◆ **Task objective**
Leaving out every picture, quote the data below exactly as it appears.

◆ **Collected data**
--------

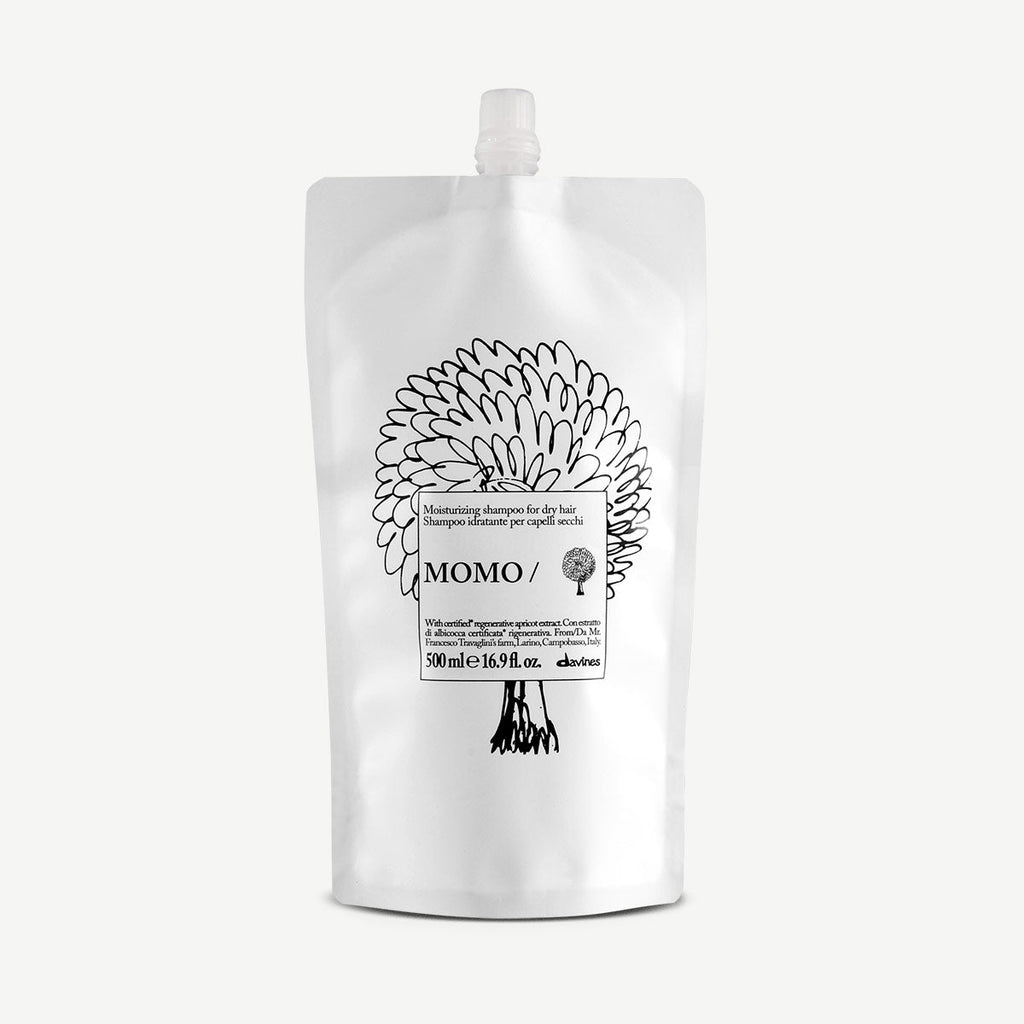 Shampoing Momo Shampoo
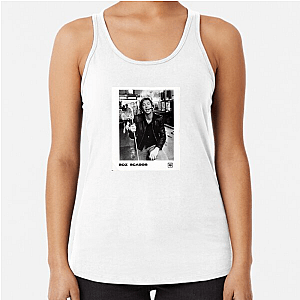 Boz Scaggs Lido Shuffle Tee Boz Scaggs Tank Tops
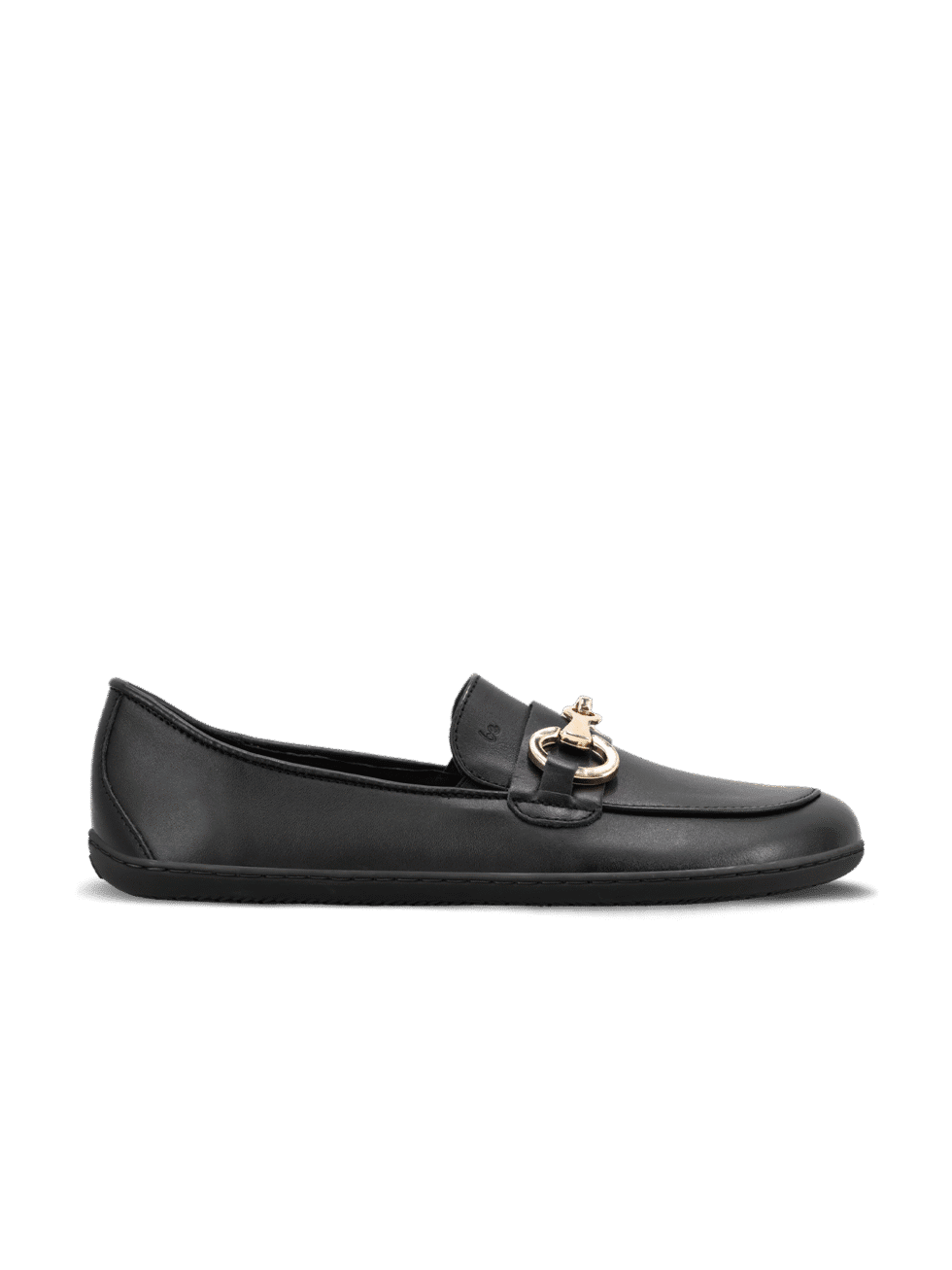 Barefoot, chaussure minimaliste, cuir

--------

◆ **Task output**
 Shampoing Momo Shampoo
 Boz Scaggs Lido Shuffle Tee Boz Scaggs Tank Tops
 Barefoot, chaussure minimaliste, cuir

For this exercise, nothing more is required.